* _Task description_
Please give back each line of the material unchanged, but without the images.

* _Provided data_
====

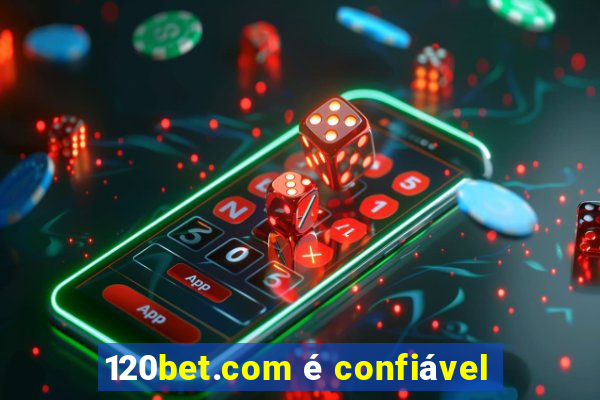 120bet.com é confiável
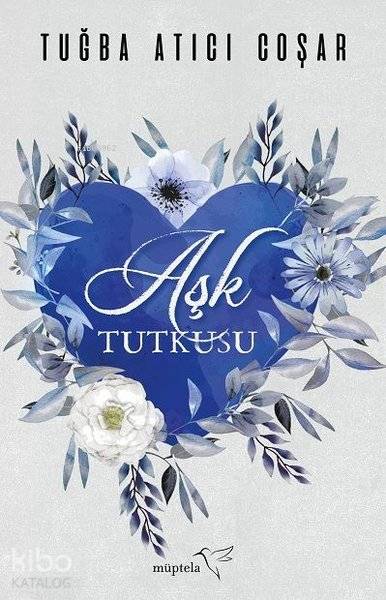  Aşk Tutkusu | Tuğba Atıcı Coşar | Elif Kar | Ayşen Bozkuş | Beyza Keskin | Müptela Yayınevi | 9786052006993 | 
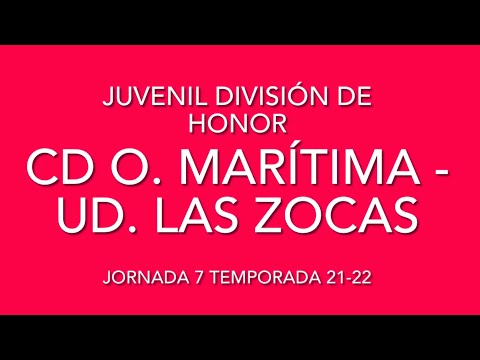 CD. JUVENTUD MARÍTIMA- UD. LAS ZOCAS  (completo) Juvenil División de Honor - 16-10-21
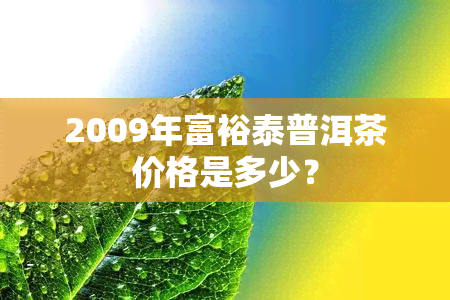 2009年富裕泰普洱茶价格是多少？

====

* _Answer space_
 120bet.com é confiável
  Aşk Tutkusu | Tuğba Atıcı Coşar | Elif Kar | Ayşen Bozkuş | Beyza Keskin | Müptela Yayınevi | 9786052006993 | 
 CD. JUVENTUD MARÍTIMA- UD. LAS ZOCAS  (completo) Juvenil División de Honor - 16-10-21
 2009年富裕泰普洱茶价格是多少？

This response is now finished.